Trudna seria przed Energą Czarnymi

W niedzielny wieczór koszykarze Energi Czarnych Słupsk zagrają na wyjeździe z Treflem Sopot, a już tydzień na własnym parkiecie zmierzą się ze Stelmetem Zielona Góra.

- Zgodzę się z tym, że przed nami seria trudnych spotkań. Trefl Sopot jest dobrą drużyną, której kompletnie nie możemy zlekceważyć. To będzie wyzwanie dla nas, ponieważ wszyscy wiedzą, że sopocianie cały czas biją się o play-offy. Chcą obronić swój parkiet - podkreśla Donaldas Kairys, szkoleniowiec Energi Czarnych.

[ad=rectangle]

Słupszczanie z 34 punktami na koncie zajmują obecnie siódme miejsce w tabeli. Jednak gracze z Pomorza wciąż mają do rozegrania jedno spotkanie zaległe z PGE Turowem Zgorzelec, dlatego ich sytuacja w tabeli może ulec znacznej poprawie.

W Słupsku po cichu liczą na to, że uda się jeszcze załapać do pierwszej czwórki przed play-offami. Aby tak się stało - gracze Kairysa muszą pokonać Trefl Sopot. - Ciężko pracowaliśmy każdego dnia, aby poprawić swoje mankamenty - mówi Litwin.

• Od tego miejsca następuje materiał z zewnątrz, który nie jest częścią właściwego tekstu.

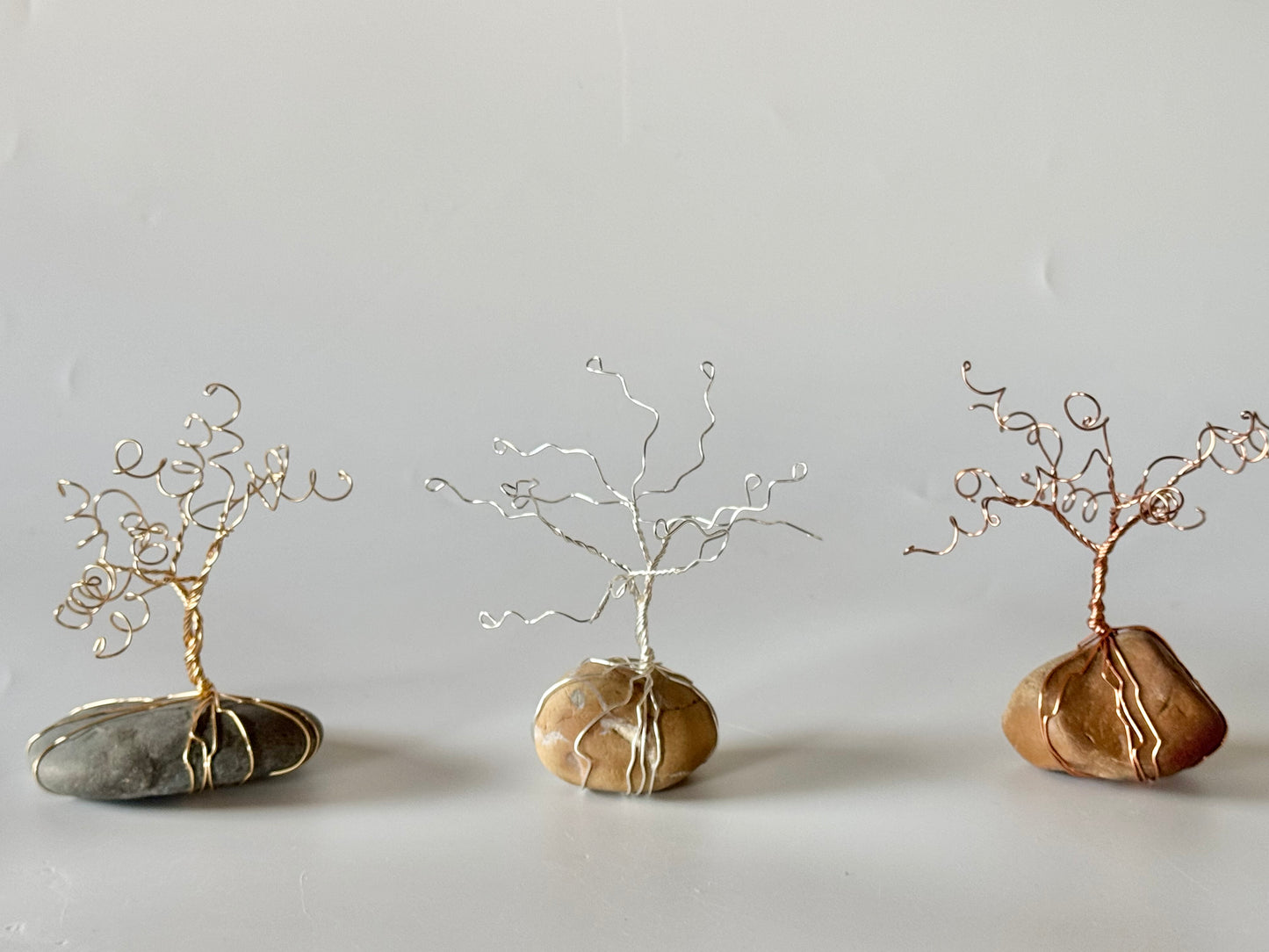 Lake Michigan Stone 3D Wire Tree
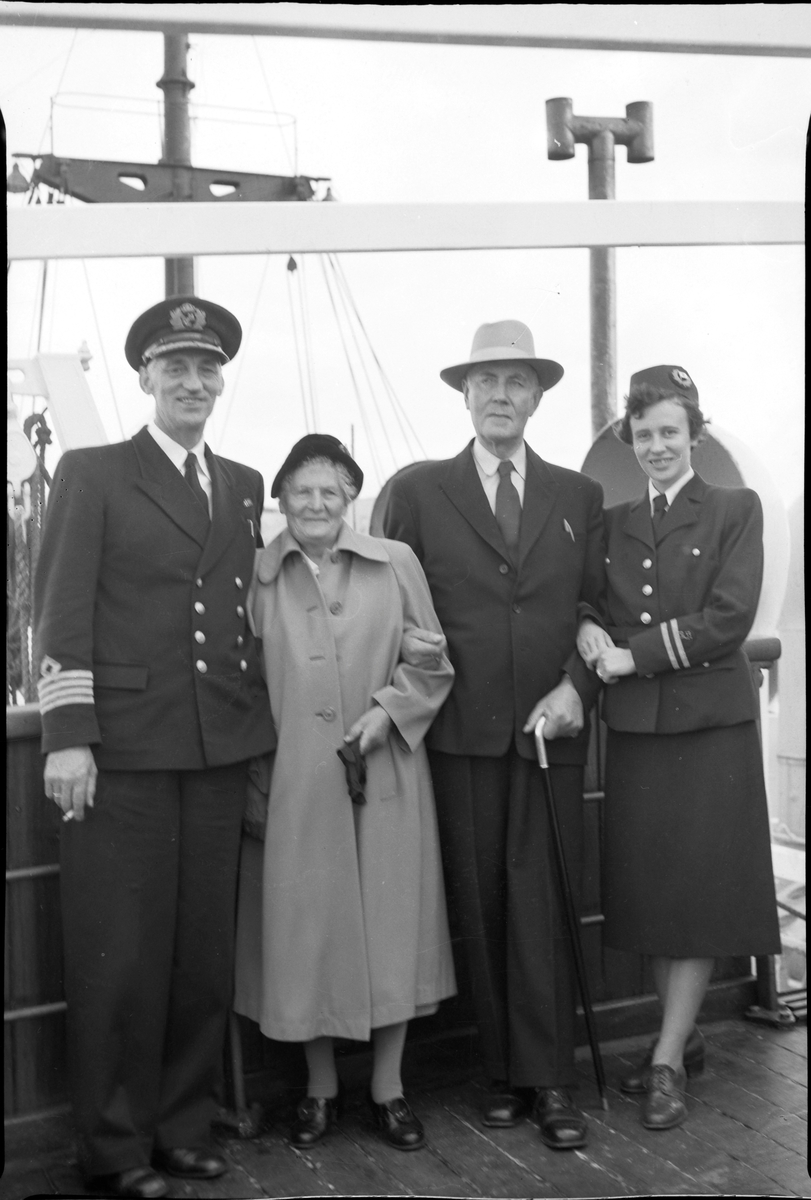 Kaptein og telegrafist ombord i D/S Hemsefjell med passasjerer som feiret gullbryllup ombord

- Trefl bardzo dobrze gra z tranzycji. Musimy powstrzymać ich szybki atak. Zdobywają bardzo dużo punktów po takich akcjach - ocenia Kairys.

Energa Czarni w ostatnią niedzielę bardzo pewnie pokonali Wilki Morskie Szczecin 82:50. Gospodarzy do wygranej poprowadził m.in. Jerel Blassingame. Fantastycznie wywiązał się ze swojego zadania - kreowania gry. J-Blass rozdał aż 14 asyst.

- Cały czas rozmawiamy z Jerelem. To mój rozgrywający i muszę być z nim w jak najlepszej relacji. W ostatnim spotkaniu zagrał rewelacyjnie i mam nadzieję, że powtórzy to w starciu z Treflem Sopot - przyznaje Kairys.